When you were a child, perhaps one of your favorite times was when you were invited to a birthday party. For some, an invitation was proof that they were actually “seen”. Even if that person was thought to be a friend, it was a surety that the friendship was true. If your parent(s) said you couldn’t go, oh, the drama!
As a ruler and public person, culturally, the king would be expected to have a (semi-)public feast, where at least the connected or (at least of) the correct blood would be invited. Also, the cultural expectation would be—barring something truly serious (illness and death being about it)—to accept the invitation and attend.
So, the same people were invited again. Those that went on to their mundane (i.e., not culturally serious enough to not attend) tasks insulted the king in one way. By abusing and even killing the king’s servants, the others found a different way to insult the king. Servants were often the “carriers” of the king’s will, so killing them would be similar to declaring war.
Which helps explain the next part.

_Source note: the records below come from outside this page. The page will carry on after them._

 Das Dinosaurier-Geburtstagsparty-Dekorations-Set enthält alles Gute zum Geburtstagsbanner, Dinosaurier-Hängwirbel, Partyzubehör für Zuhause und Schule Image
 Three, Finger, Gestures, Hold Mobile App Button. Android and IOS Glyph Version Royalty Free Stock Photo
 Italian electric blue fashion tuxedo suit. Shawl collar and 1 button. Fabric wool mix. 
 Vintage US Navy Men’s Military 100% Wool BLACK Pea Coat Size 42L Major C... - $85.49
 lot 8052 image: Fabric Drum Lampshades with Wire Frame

The king declares war. Some sort of retribution to salvage his honor would be required. Add to that the killing of his representatives…nothing good would come of it. Jesus’ listeners would understand.
Those originally invited were, to the hearers and our understanding, the Jews (who were the remnant of Israel). So, why waste the feast? It would be shameful to have an empty feast. So, all the unconnected and non-blood were invited. For those keeping track, this would be the Gentiles (most of us).

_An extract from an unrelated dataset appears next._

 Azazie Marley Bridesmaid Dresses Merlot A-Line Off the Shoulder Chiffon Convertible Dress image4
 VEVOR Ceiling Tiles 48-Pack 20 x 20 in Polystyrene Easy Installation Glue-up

It is here that there is another unexpected twist. Culturally, everyone would be expected to show up dressed appropriately. This is not the tuxedo or suit, but a more common, yet special, overwear that displayed that one was honoring the host.*
The man dishonored the king. The king had had enough dishonoring, but at least he only tossed the guy out. The commonness of the “overwear” means that this was a deliberate choice. That shows it was more than being poor. It was something more.

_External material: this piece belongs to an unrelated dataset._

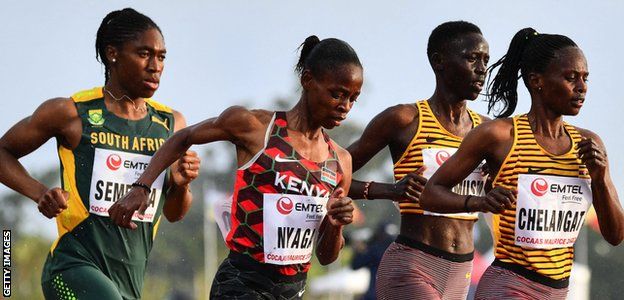 Caster Semenya (far left) in action in the 5000m final at the African Athletics Championships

Jesus’ concluding statement, though, tells us something far more. All too often, people believe they are called to God (they are). However, they allow the things of the world to be a priority over God. Others think that God’s magnanimousness is carte blanche to do whatever, as long as they “just” show up.
While the Jews, at the time, were accused of caring more for the world (and the forefathers) more than God (and God’s prophets), others (in general, could be Samaritans or Romans or other Gentiles) were also being accused of wanting the spoils without even showing the slightest care for the one who gave them.
Truly, these accusations can be justly put at the feet of all of us at some point in our lives. There is an ebb and flow to each. Yet, the Lord of the Banquet calls us to the Love Feast, and we have to be at least somewhat prepared.
Lord of the Feast, help us prepare the ways of heart so that we come to the table hungry for you. Amen.
1) Can you think of a time when some wore inappropriate attire to a gathering? What was the gathering? What made it inappropriate?
2) Have you ever made an excuse to not attend a function that you were otherwise perfectly able to attend? Why? What did it gain you not to attend?
3) While it appears the king had an open door invite to the feast, that really wasn’t so. What kind of other situations have you experienced like that?